Revenge is loosely based on The Count of Monte Cristo, the basic plot of which I finally had explained to me last week.  Instead of in France, Revenge is set in the Hamptons where mysterious woman Emily Van Camp of Everwood and Brothers and Sisters looks to take the title action on Madeleine Stowe and friends.  Every year, one or two series intrigue me for reasons I can’t quite explain, usually series where I don’t know enough information to make me realize they will be bad, so the series sound open to any possibilities.  I think this year’s edition is Revenge.

Verdict: Renewal – I may be well be wrong (on all of these, actually) and the show may be terrible, but I have not taken a subway not filled with Revenge ads in the last two weeks and if I’m intrigued maybe other people will be.  And maybe it will actually be good!

Suburgatory – 9/28

TV’s answer to satirical the-jungle-that-is-suburban-high-school movies like Mean Girls and Easy A, everyone is already labeling star Jane Levy as the new Emma Stone or Lindsay Lohan.  Levy plays a girl who was moved from NYC to the more affluent ‘burbs by protective single dad Jeremy Sisto.  I might be getting ahead of myself, but this show could actually be good; it’s a time tested premise, but what will make or break it is how it’s done.  Alan Tudyk of Firefly and Rex Lee of Lloyd in Entourage fame appear in the show as does Curb Your Enthusiasm’s Cheryl Hines as a catty neighbor.

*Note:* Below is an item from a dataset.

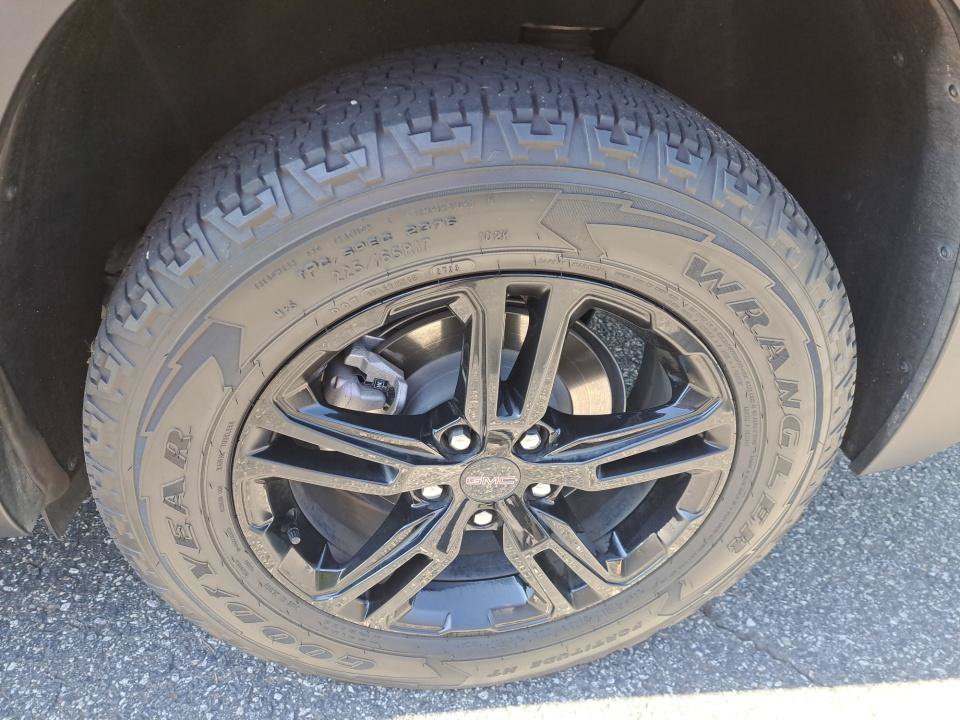 Used 2024 GMC Terrain AT4 AWD/4WD image 19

Verdcit: 13+ Writing up that preview I almost convinced myself that it would be good enough to just put renewal on a whim, but I’m going to be cautious.  I haven’t seen a whole lot of advertisements around for it.  However, if it actually is good, I think ABC could be a decent home for it.

ABC is the last of the networks to be previewed, so it’s time to sit back and see how the shows go from here.  We’ll be here all week with reviews, and probably another broad cable show preview at some point.